Baltimore—The Walters Art Museum will host an exhibition offering visitors a glimpse into the Middle Ages, a time when art mediated between heaven and earth and wondrous objects of gold, silver and precious gems filled churches and monastic treasuries. Relics, the physical remains of holy people and objects associated with these individuals, play a central role in a number of religions and cultures and were especially important to the development of Christianity as it emerged in the Late Roman world as a powerful new religion. On view at the Walters Feb. 13–May 15, 2011,Treasures of Heaven: Saints, Relics and Devotion in Medieval Europe is the first exhibition in the United States to focus on the history of relics and reliquaries—the special containers to display the holy remains of Christian saints and martyrs. The exhibition is organized by the Walters Art Museum in partnership with the Cleveland Museum of Art and the British Museum.

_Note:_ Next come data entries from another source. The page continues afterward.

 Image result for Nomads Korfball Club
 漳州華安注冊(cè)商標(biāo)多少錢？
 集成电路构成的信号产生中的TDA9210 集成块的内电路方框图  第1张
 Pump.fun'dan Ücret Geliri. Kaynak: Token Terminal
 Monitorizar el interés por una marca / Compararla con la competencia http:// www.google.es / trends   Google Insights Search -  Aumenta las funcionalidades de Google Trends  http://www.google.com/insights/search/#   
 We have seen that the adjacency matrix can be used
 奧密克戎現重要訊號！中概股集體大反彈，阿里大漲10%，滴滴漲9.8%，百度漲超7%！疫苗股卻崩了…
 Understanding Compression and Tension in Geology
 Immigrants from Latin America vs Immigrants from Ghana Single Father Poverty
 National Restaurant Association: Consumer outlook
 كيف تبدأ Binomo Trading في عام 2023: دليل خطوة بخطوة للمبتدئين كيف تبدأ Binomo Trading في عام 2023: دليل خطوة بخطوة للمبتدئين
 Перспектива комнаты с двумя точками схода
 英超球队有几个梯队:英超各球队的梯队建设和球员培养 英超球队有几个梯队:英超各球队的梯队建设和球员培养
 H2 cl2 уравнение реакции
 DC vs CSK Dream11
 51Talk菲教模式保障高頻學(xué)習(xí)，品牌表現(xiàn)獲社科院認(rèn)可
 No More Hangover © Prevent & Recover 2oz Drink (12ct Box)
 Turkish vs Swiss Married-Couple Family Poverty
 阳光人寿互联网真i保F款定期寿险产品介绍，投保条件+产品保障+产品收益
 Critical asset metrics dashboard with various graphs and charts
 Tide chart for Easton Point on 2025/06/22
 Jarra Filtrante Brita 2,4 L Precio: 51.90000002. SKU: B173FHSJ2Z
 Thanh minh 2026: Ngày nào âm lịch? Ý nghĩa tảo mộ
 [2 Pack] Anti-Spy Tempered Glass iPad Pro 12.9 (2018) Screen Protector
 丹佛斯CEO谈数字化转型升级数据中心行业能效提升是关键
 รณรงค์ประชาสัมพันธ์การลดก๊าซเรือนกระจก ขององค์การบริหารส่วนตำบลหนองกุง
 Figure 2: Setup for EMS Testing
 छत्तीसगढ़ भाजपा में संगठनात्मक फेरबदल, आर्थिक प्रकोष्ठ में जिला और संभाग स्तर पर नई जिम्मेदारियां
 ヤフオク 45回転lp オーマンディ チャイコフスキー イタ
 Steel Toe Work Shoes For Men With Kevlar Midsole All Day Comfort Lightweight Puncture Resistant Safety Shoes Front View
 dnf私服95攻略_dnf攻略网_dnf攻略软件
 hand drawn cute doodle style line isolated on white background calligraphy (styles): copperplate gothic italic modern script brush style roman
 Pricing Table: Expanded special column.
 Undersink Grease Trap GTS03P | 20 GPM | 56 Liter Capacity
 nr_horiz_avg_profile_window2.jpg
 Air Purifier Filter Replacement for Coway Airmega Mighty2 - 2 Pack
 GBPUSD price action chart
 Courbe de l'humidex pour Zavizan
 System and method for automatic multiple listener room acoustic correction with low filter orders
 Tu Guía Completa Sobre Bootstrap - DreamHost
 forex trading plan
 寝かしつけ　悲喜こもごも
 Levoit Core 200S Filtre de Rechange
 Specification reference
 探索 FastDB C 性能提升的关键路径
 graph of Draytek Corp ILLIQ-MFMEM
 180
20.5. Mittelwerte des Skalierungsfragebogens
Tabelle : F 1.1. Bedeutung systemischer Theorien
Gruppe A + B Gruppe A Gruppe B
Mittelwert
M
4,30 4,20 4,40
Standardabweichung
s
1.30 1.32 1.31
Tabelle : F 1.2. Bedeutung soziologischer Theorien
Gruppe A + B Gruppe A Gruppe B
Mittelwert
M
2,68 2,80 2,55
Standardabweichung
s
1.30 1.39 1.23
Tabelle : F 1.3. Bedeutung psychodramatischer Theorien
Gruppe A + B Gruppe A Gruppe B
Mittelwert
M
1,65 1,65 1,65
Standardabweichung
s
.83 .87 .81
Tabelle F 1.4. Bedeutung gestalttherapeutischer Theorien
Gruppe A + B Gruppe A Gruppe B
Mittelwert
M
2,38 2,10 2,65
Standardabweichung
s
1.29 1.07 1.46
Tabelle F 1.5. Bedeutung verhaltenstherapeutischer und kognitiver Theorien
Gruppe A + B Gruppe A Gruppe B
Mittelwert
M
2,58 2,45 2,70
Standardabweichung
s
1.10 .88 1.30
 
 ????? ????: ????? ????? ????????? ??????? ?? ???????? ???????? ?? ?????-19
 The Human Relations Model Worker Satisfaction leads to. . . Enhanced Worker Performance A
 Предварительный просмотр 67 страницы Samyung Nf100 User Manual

Reliquaries proclaimed the special status of their sacred contents to worshipers and pilgrims, and for this reason, were often objects of artistic innovation, expressions of civic and religious identity, and focal points of ritual action. This exhibition will feature 133 metalworks, sculptures, paintings and illuminated manuscripts from Late Antiquity through the Reformation and beyond. It will explore the emergence and transformation of several key types of reliquary, moving from an age in which saintly remains were enshrined within closed containers to an era in which relics were increasingly presented directly to worshipers.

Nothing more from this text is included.